Boyacá Chicó won 3–0 on aggregate.

| Torneo BetPlay DIMAYOR 2022 champions |
|---|
| Boyacá Chicó 3rd title |

==Aggregate table==

| Pos | Team | Pld | W | D | L | GF | GA | GD | Pts | Qualification |
| 1 | Deportes Quindío | 44 | 21 | 16 | 7 | 60 | 36 | +24 | 79 | Advance to the Promotion play-off |
| 2 | Boyacá Chicó (C, P) | 48 | 20 | 19 | 9 | 55 | 34 | +21 | 79 | Promotion to Categoría Primera A |
| 3 | Fortaleza | 42 | 19 | 13 | 10 | 58 | 36 | +22 | 70 |  |
| 4 | Llaneros | 42 | 16 | 17 | 9 | 48 | 38 | +10 | 65 |
| 5 | Leones | 36 | 13 | 17 | 6 | 49 | 36 | +13 | 56 |
| 6 | Tigres | 42 | 15 | 10 | 17 | 40 | 42 | −2 | 55 |
| 7 | Bogotá | 36 | 15 | 7 | 14 | 43 | 43 | 0 | 52 |
| 8 | Atlético Huila (P) | 40 | 13 | 11 | 16 | 46 | 45 | +1 | 50 | Advance to the Promotion play-off |
| 9 | Real Cartagena | 36 | 12 | 10 | 14 | 39 | 51 | −12 | 46 |  |
| 10 | Real Santander | 36 | 9 | 13 | 14 | 35 | 42 | −7 | 40 |
| 11 | Atlético | 30 | 10 | 7 | 13 | 24 | 32 | −8 | 37 |
| 12 | Barranquilla | 36 | 9 | 9 | 18 | 38 | 51 | −13 | 36 |
| 13 | Valledupar | 30 | 6 | 12 | 12 | 30 | 39 | −9 | 30 |
| 14 | Boca Juniors de Cali | 30 | 5 | 12 | 13 | 27 | 39 | −12 | 27 |
| 15 | Orsomarso | 30 | 6 | 7 | 17 | 21 | 50 | −29 | 25 |
| 16 | Cúcuta Deportivo | 16 | 6 | 4 | 6 | 19 | 18 | +1 | 22 |

==Promotion play-off==
The best-placed team in the aggregate table, Deportes Quindío, played a double-legged series against the Grand Final losing side Atlético Huila to decide the second and last team promoted to Primera A.
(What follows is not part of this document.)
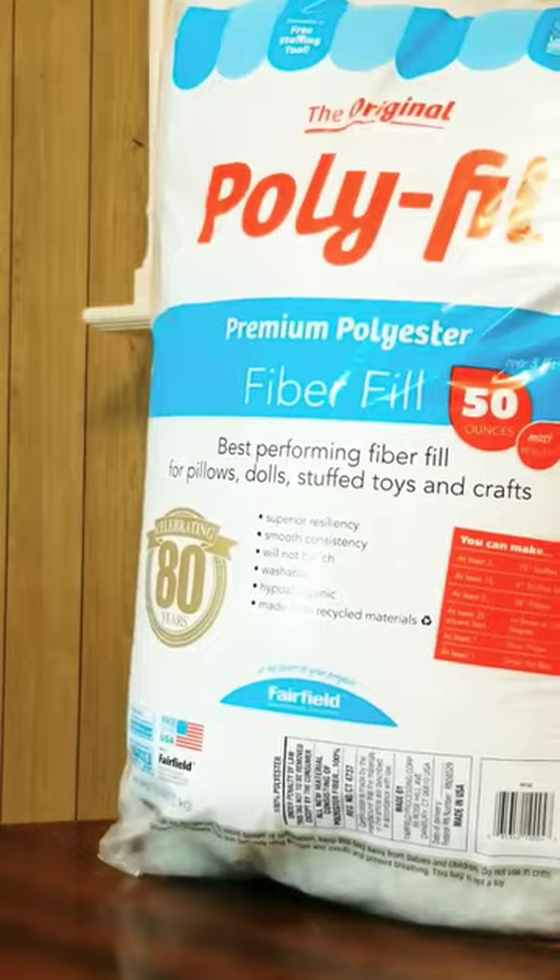Our next step is to take the polyfill we showed earlier, fluff it up, tear it apart a little bit to help it get some fluff, then go stuff it inside the foot. I actually used a PVC rod to help stuff it all the way down to the tip of the foot.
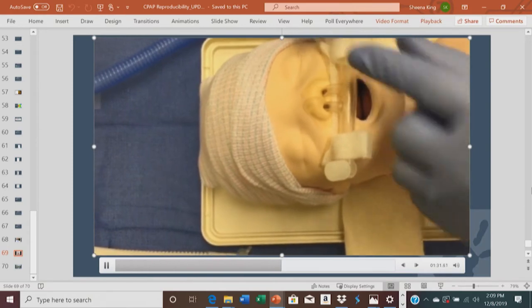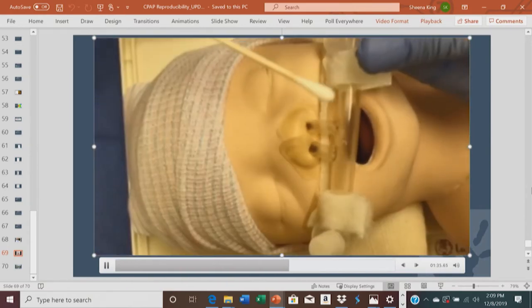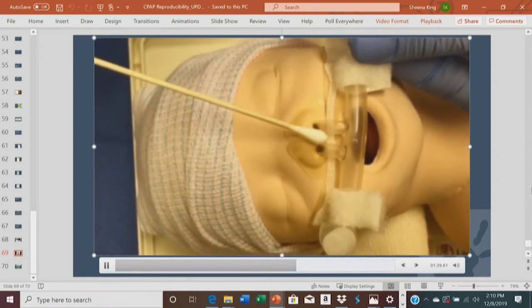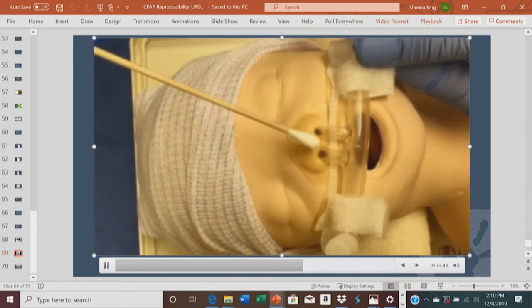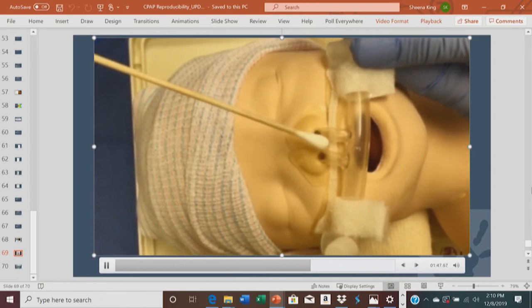To confirm whether the application is correct, look at the nose from above. You should see a wide four to five millimeter space between the bridge and the septum, as well as a visible one to two millimeter space between the upper edge of the velcro and the base of the nasal septum.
Atlético Huila 2-0 Deportes Quindío
  Atlético Huila: Escorcia 32' (pen.), Lozano
----

Deportes Quindío 1-0 Atlético Huila
  Deportes Quindío: Díaz 25'
Atlético Huila won 2–1 on aggregate and were promoted to Categoría Primera A.